> _Exercise material_:
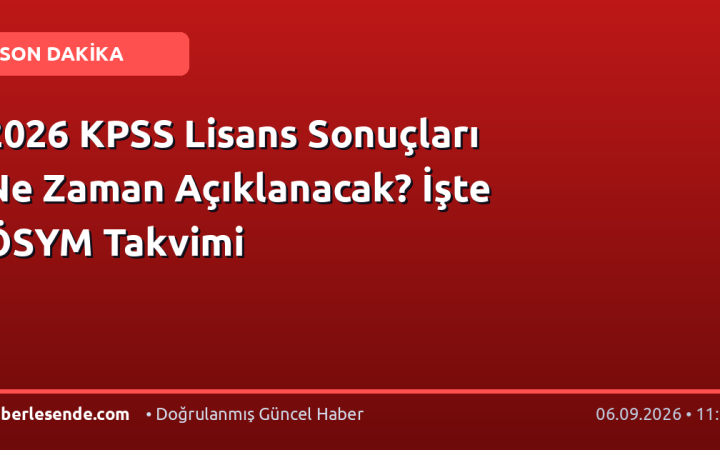 2026 KPSS Lisans Sonuçları Ne Zaman Açıklanacak? İşte ÖSYM Takvimi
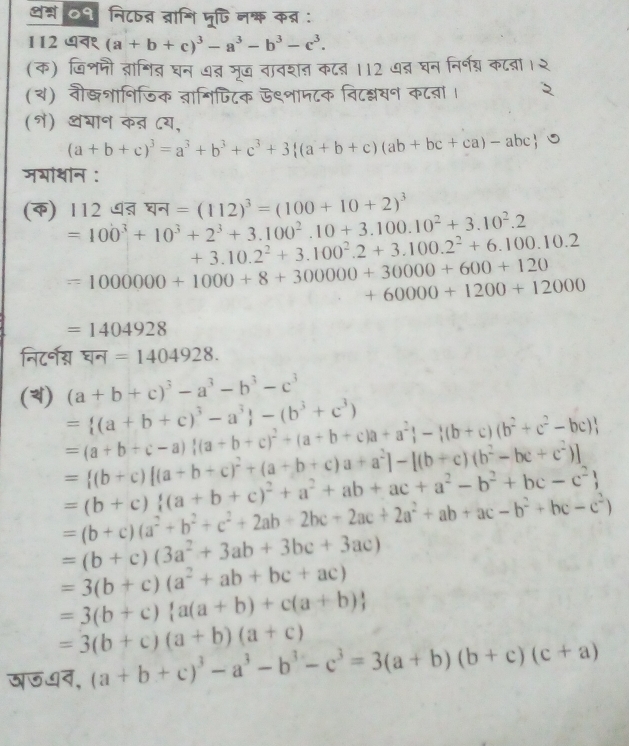 थ्न ०१ नि८षब्र ब्रानि जूषिनक्क कब्र:
112 प (a+b+c)^3-a^3-b^3-c^3.
(क) खि॰मी ब्ञागित घन ७त् मूज तावशत कट् 112 ७द घन निर्नग् क८ब्रा।२
(य) वौख्शानिजिक त्ानिपिक ऊ९शाम८क वि८श्वन क८बा।
(१) थभान कऩ ८य,
(a+b+c)^3=a^3+b^3+c^3+3 (a+b+c)(ab+bc+ca)-abc
जभाथान :
(क) 112 धऩ घन =(112)^3=(100+10+2)^3
=100^3+10^3+2^3+3.100^2.10+3.100.10^2+3.10^2.2
+3.10.2^2+3.100^2.2+3.100.2^2+6.100.10.2
=1000000+1000+8+300000+30000+600+120
+60000+1200+12000
=1404928
निरटर्नस घन =1404928.
(a+b+c)^3-a^3-b^3-c^3
() = (a+b+c)^3-a^3 -(b^3+c^3)
=(a+b+c-a) (a+b+c)^2+(a+b+c)a+a^2 - (b+c)(b^2+c^2-bc)
= (b+c)[(a+b+c)^2+(a+b+c)a+a^2]-[(b+c)(b^2-bc+c^2)]
=(b+c) (a+b+c)^2+a^2+ab+ac+a^2-b^2+bc-c^2
=(b+c)(a^2+b^2+c^2+2ab+2bc+2ac+2a^2+ab+ac-b^2+bc-c^2)
=(b+c)(3a^2+3ab+3bc+3ac)
=3(b+c)(a^2+ab+bc+ac)
=3(b+c) a(a+b)+c(a+b)
=3(b+c)(a+b)(a+c)
जजयव, (a+b+c)^3-a^3-b^3-c^3=3(a+b)(b+c)(c+a)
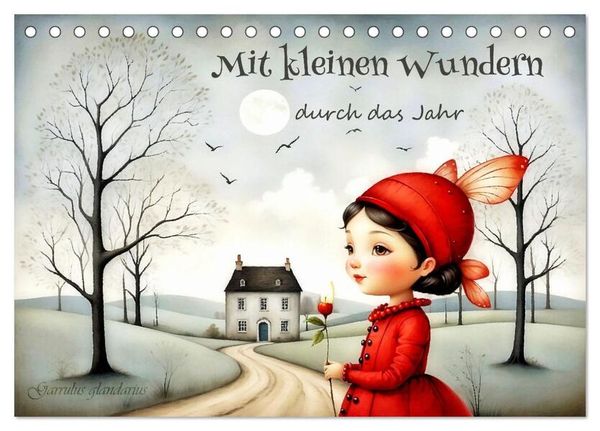 Mit kleinen Wundern durch das Jahr (Tischkalender 2025 DIN A5 quer), CALVENDO Monatskalender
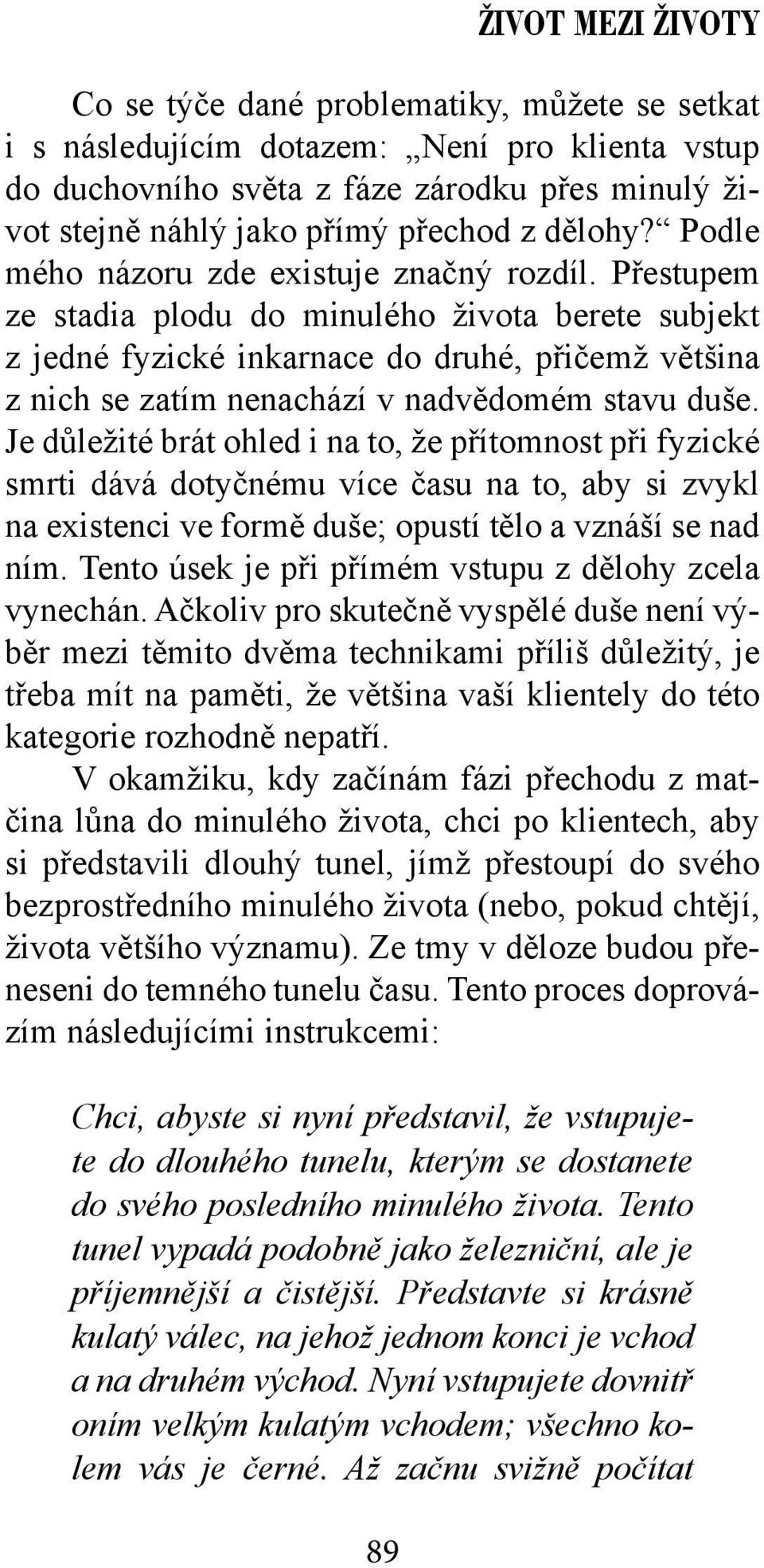 Přestupem ze stadia plodu do minulého života berete subjekt z jedné fyzické inkarnace do druhé, přičemž většina z nich se zatím nenachází v nadvědomém stavu duše.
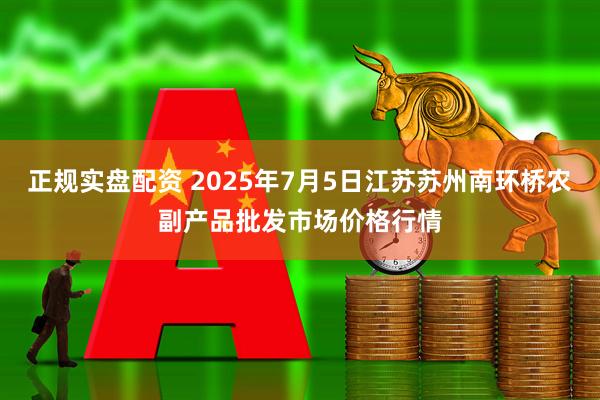 正规实盘配资 2025年7月5日江苏苏州南环桥农副产品批发市场价格行情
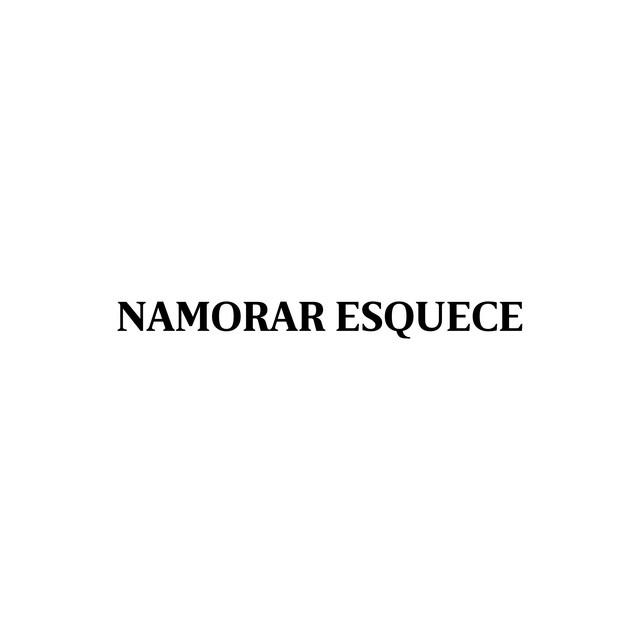 NAMORAR ESQUECE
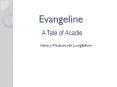 Evangeline A Tale of Acadie PowerPoint PPT Presentation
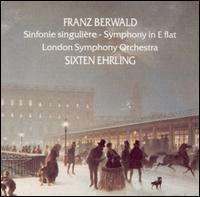 Franz Berwald: Sinfonie Singulière; Symphony in E Flat von Sixten Ehrling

> _Work instructions_: Retyping is limited to the line with "(a+b+c)^2+(a+b+c)a+a^2 - (b+c)(b^2+c^2-bc)" and the lines after it in the material above; give them exactly and leave out the pictures.

> _Answer area_:
=(a+b+c-a) (a+b+c)^2+(a+b+c)a+a^2 - (b+c)(b^2+c^2-bc)
= (b+c)[(a+b+c)^2+(a+b+c)a+a^2]-[(b+c)(b^2-bc+c^2)]
=(b+c) (a+b+c)^2+a^2+ab+ac+a^2-b^2+bc-c^2
=(b+c)(a^2+b^2+c^2+2ab+2bc+2ac+2a^2+ab+ac-b^2+bc-c^2)
=(b+c)(3a^2+3ab+3bc+3ac)
=3(b+c)(a^2+ab+bc+ac)
=3(b+c) a(a+b)+c(a+b)
=3(b+c)(a+b)(a+c)
जजयव, (a+b+c)^3-a^3-b^3-c^3=3(a+b)(b+c)(c+a)
 Mit kleinen Wundern durch das Jahr (Tischkalender 2025 DIN A5 quer), CALVENDO Monatskalender
 Přestupem ze stadia plodu do minulého života berete subjekt z jedné fyzické inkarnace do druhé, přičemž většina z nich se zatím nenachází v nadvědomém stavu duše.
 正规实盘配资 2025年7月5日江苏苏州南环桥农副产品批发市场价格行情
 NAMORAR ESQUECE
 Evangeline A Tale of Acadie PowerPoint PPT Presentation
 Franz Berwald: Sinfonie Singulière; Symphony in E Flat von Sixten Ehrling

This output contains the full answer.